TASK INSTRUCTIONS. Once you find the line with "UNHAS POSTICAS IMPRESS MD BIPM240" in the entries below, print it and each line after it up to and including the line with "OSTER - Cafetera", exactly, without pictures.

SUPPLIED RECORDS.
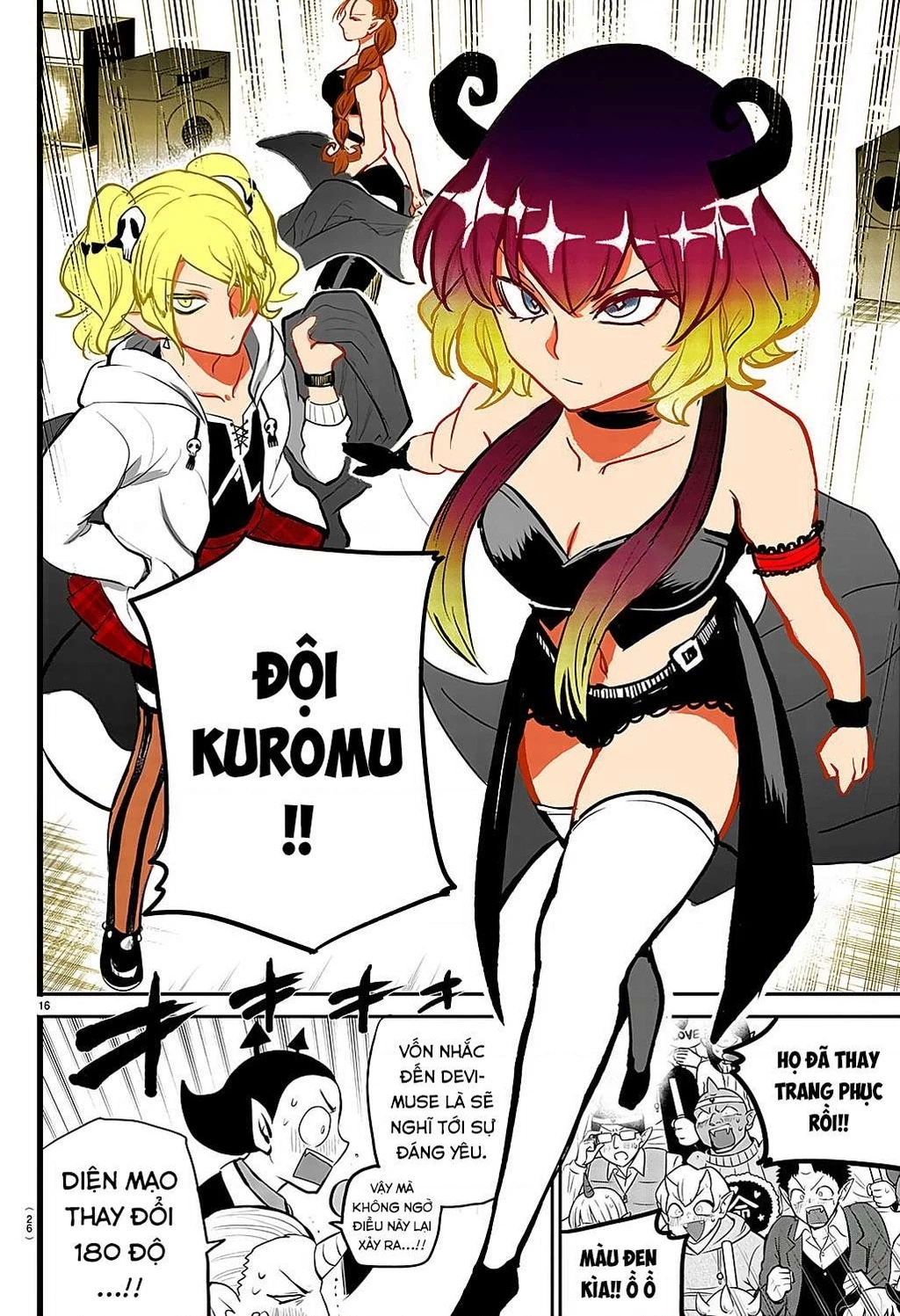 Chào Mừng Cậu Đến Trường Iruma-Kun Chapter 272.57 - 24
...
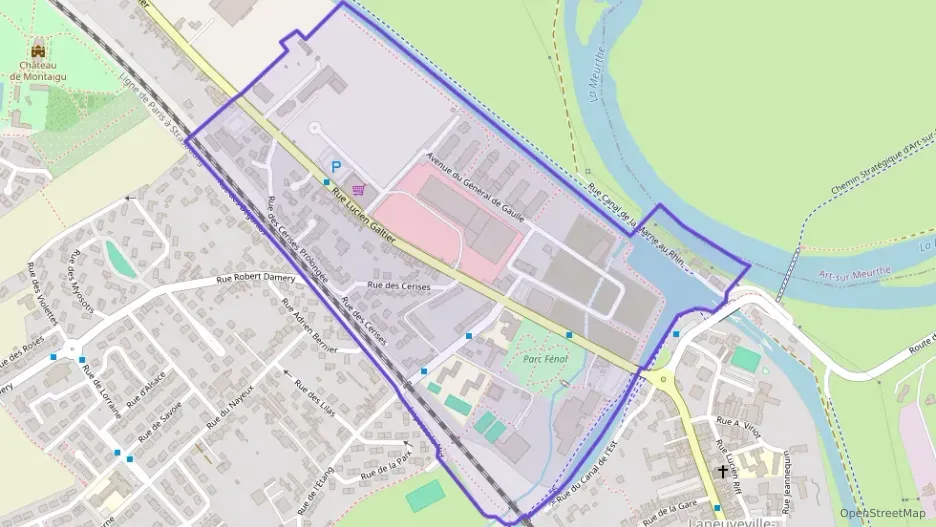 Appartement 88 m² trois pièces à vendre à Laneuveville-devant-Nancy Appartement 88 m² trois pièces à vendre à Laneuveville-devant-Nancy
* * *
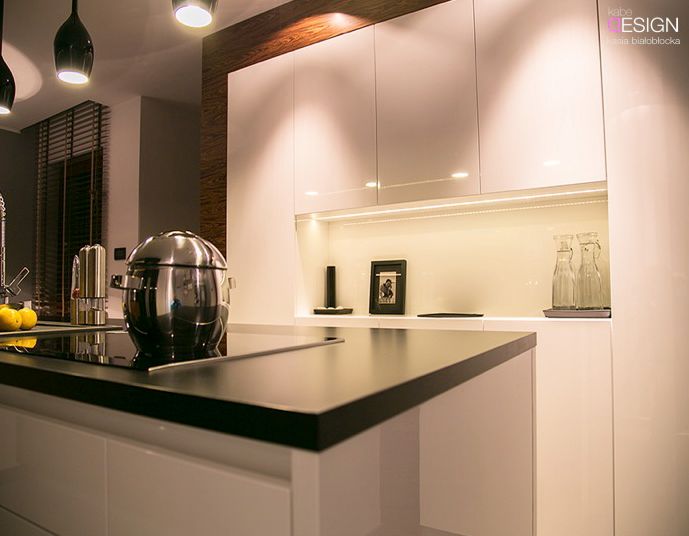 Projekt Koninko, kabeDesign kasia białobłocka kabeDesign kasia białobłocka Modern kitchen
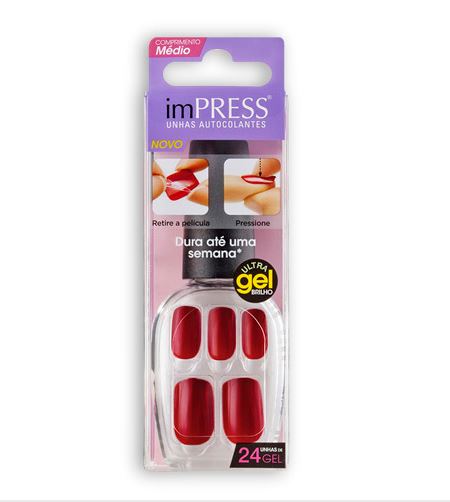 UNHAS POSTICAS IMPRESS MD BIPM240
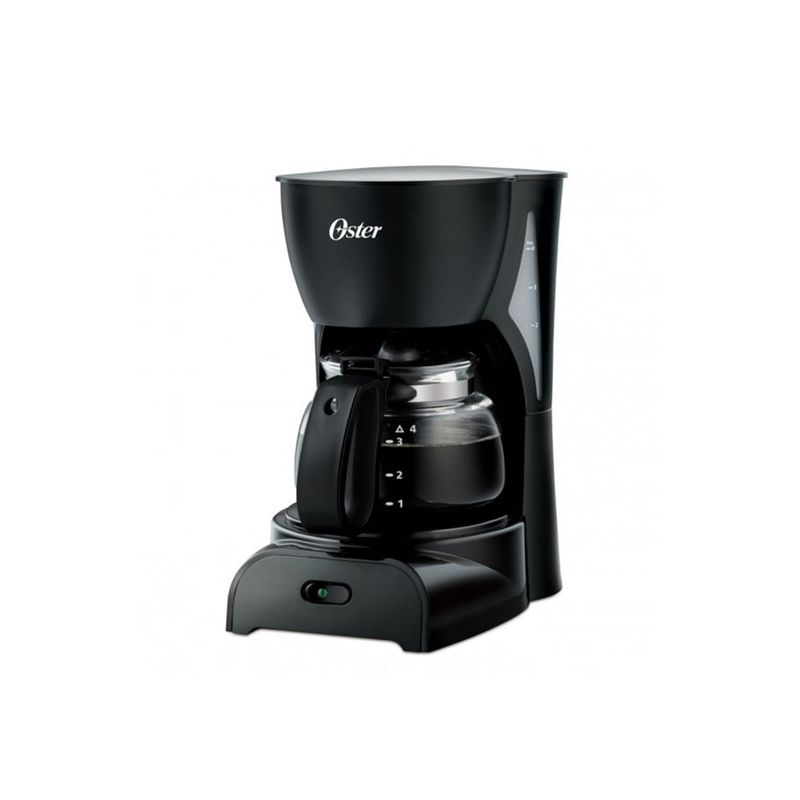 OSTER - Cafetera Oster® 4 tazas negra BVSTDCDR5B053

YOUR SOLUTION.
 UNHAS POSTICAS IMPRESS MD BIPM240
 OSTER - Cafetera Oster® 4 tazas negra BVSTDCDR5B053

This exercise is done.